About this exercise => In your copy, leave out the pictures; write out all the data exactly.

The data =>

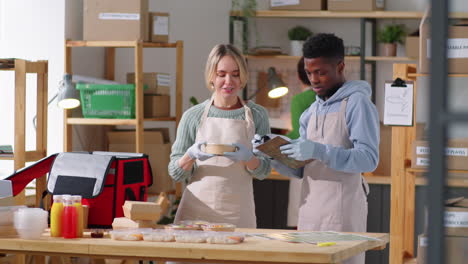 portrait of cheerful diverse colleagues at work in food delivery service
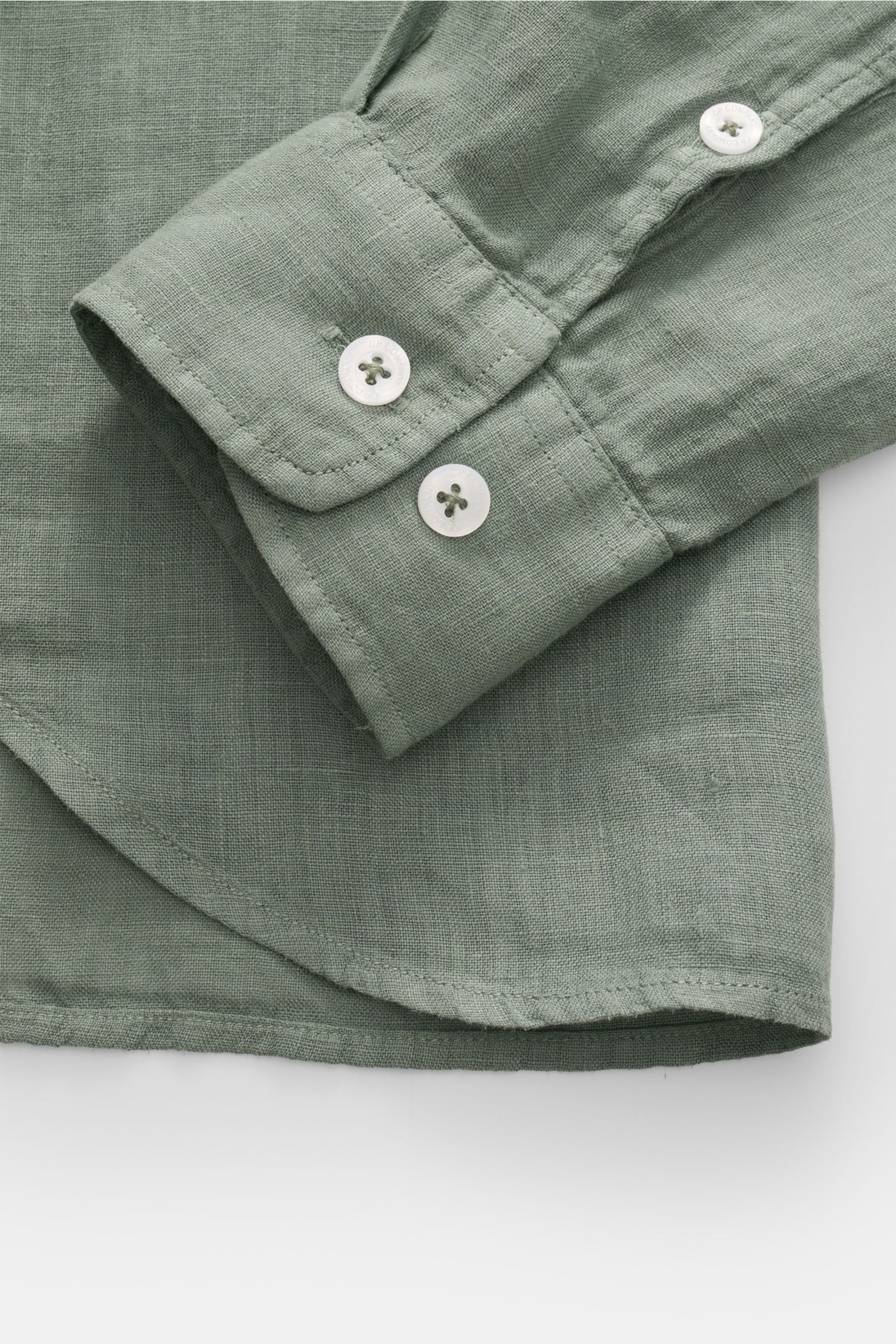 Close-up front view of the cuff and hem of the C.P. Company Linen shirt slim collar sage in pure linen, garment-dyed sage green with classic barrel cuffs, patch button placket, two white buttons, rounded hem with slightly elongated back, and soft textured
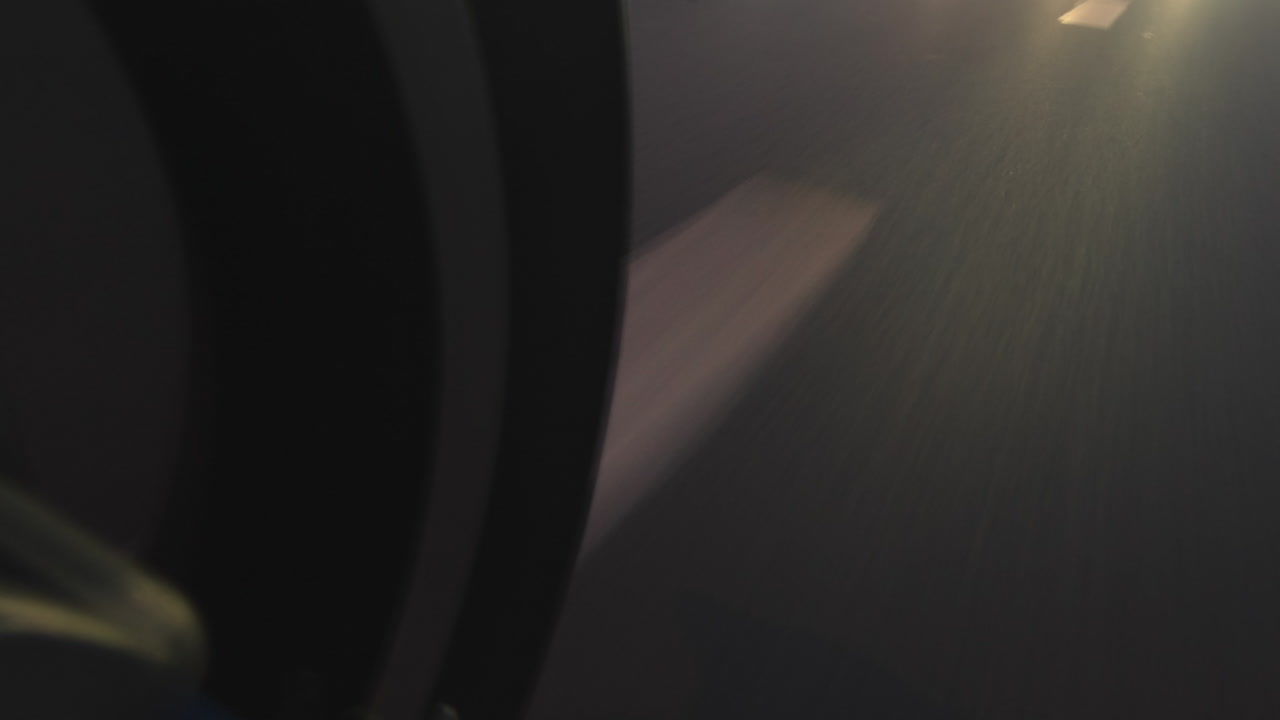 POV low angle camera on scooter motorcycle driving around city road sign traffic at night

Reply =>
 portrait of cheerful diverse colleagues at work in food delivery service
 Close-up front view of the cuff and hem of the C.P. Company Linen shirt slim collar sage in pure linen, garment-dyed sage green with classic barrel cuffs, patch button placket, two white buttons, rounded hem with slightly elongated back, and soft textured
 POV low angle camera on scooter motorcycle driving around city road sign traffic at night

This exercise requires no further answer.